Re: AoA data merging
by Jaap (Curate) on Mar 10, 2003 at 20:49 UTC
    I do not know the reason why you created such a complex data strucxture for the points (@data), but i would start with making that simpler.
    @data = ( [ [2289290.30567314, 507448.506452598], [2289282.72943502, 507410.155776398], [2289149, 507002.0625], [2289055.31527948, 506731.474946477], ], [ [2289563.40820205, 512818.142015762], [..., ...] ], );
    Or, you could use Math::Complex (see Genetic Algorithms in Perl) to use 2D points (vectors) and predefined functions for working with them.

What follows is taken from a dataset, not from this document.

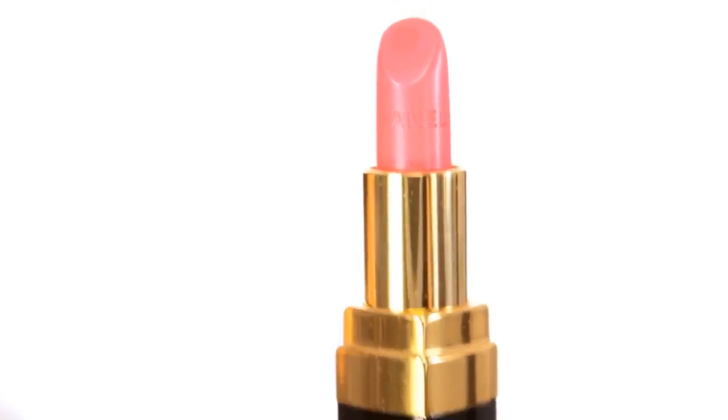I'm taking care to buff the colour so it looks really soft. And to finish my look today, I'm going to use my favourite lipstick in the collection — and that's Rouge Coco in Paradis.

      The reason it is so complex is that the Point class included here is but a minimalist version that only contains the elements needed to demonstrate this issue, the objects are actually more complex Geo::ShapeFile::Point objects, with much more information than X and Y coordinates. I could have demonstrated this by including the real data, but I think people would frown upon multi-gigabyte nodes :)

Re: AoA data merging
by graff (Chancellor) on Mar 11, 2003 at 06:24 UTC
    You have a clear and fairly simple (though not trivial) criterion that applies to a portion of a very large and complex data structure. One approach would be to design a relational table schema to store the full data structure; this could have one table with a record for each "road chunk", another table for each X,Y point referenced by a road chunk, and perhaps a third table that relates the chunk records to the point records. By structuring the data this way, it will be easier to identify and manipulate just the information that you need to solve the joining problem (in fact, you probably want yet another table to hold the "chunk-chain" findings).

    In fact, just breaking the problem down into separate data structures (tables) this way might clarify what the algorithm needs to do, whether or not you actually end up using an RDBMS.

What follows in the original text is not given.